D mentioned on Rust discussions site

H. S. Teoh hsteoh at quickfur.ath.cx
Sun May 24 06:08:42 UTC 2020


On Sat, May 23, 2020 at 09:05:47PM -0700, Walter Bright via Digitalmars-d wrote:
> On 5/23/2020 6:18 AM, Dibyendu Majumdar wrote:
> > > https://www.digitalmars.com/articles/C-biggest-mistake.html
> > 
> > I do not think it was a mistake at all. Treating pointers and arrays
> > uniformly is one of the great innovations in C.
> 
> The amount of buffer overflows enabled by it is legendary.

On Sat, May 23, 2020 at 09:15:18PM -0700, Walter Bright via Digitalmars-d wrote:
> On 5/23/2020 4:50 PM, Andrei Alexandrescu wrote:
> > This "no fat pointers" decision cascaded into another disastruous
> > choice - zero terminated strings. Worse than even autodecoding :o).
> 
> Ironically, a lot of C's speed advantage is lost in endlessly scanning
> strings to find their length.

Hear, hear.

Having worked for the past 25 years in the industry primarily with C
code, I have to say that the amount of C code with hidden potential
buffer overflows is staggering.

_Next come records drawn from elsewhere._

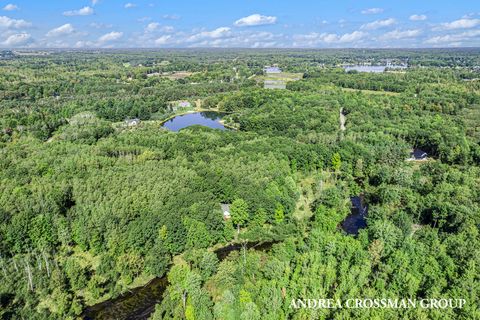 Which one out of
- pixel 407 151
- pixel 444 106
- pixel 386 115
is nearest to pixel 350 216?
pixel 407 151

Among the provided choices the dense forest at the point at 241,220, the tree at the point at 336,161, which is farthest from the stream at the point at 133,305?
the tree at the point at 336,161

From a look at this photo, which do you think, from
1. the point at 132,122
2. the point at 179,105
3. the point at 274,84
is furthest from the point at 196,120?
the point at 274,84

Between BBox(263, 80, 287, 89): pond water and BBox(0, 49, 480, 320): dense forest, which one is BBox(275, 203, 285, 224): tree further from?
BBox(263, 80, 287, 89): pond water

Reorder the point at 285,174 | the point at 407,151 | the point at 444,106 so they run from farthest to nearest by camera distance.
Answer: the point at 444,106 < the point at 407,151 < the point at 285,174

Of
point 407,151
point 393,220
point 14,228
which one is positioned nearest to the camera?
point 14,228

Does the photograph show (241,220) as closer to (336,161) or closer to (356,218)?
(356,218)

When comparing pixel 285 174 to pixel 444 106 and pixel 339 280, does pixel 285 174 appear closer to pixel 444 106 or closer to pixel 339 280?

In spite of a big push in the past 10 or
so years towards safer C coding practices, I still regularly come across
code that have potential buffer overflows hidden deep within a large
codebase, and code being freshly written that *still* depend on
unfounded assumptions about array length -- because manually passing the
length is just too cumbersome, and people either don't bother with it,
or make mistakes while doing it (nothing like passing the wrong length
to screw up your day -- esp. when it gets missed by QA and proceeds to
explode in the customer's production environment -- or worse, it
*doesn't* get noticed by the customer until a hacker decides to exploit
it).

Not to mention the gigantic pain in writing said code in C in the first
place -- you constantly have to be burning mental calories trying to
keep track of which pointer goes with which length, making sure to
manually check bounds, making sure to think thrice about your loop to
prevent overruns, endless calls to strlen() without even thinking about
the performance consequences. I'm serious, I work with a huge codebase
of almost 2 million LOC, and strlen calls are everywhere, including
inside macros that nobody really takes the time to understand but just
sprinkle everywhere in their code.  The complexity of managing all of
this is just beyond any normal person's capacity given the tight
deadlines we have to meet, so people just call strlen willy-nilly
without even thinking about the performance consequences.  And of
course, the huge bulk of code that expects null-terminated strings means
it's just not worth trying to encapsulate the length in any sort of way
-- you make yourself incompatible with just about everything else, and
end up spending endless effort converting to/from char* instead, which
is not any better.  So the problem perpetuates itself, and becomes an
accumulated cost that nobody can feasibly improve without rewriting the
entire darned thing from ground up. (And even then, all it takes is for
*someone* to start using char* again, and suddenly you're back to square
one. No sane C coder uses anything *but* char* for strings in "normal"
C code. Esp. code that needs to talk to other C libraries not written by
your team. It's inextricably ingrained in C culture.)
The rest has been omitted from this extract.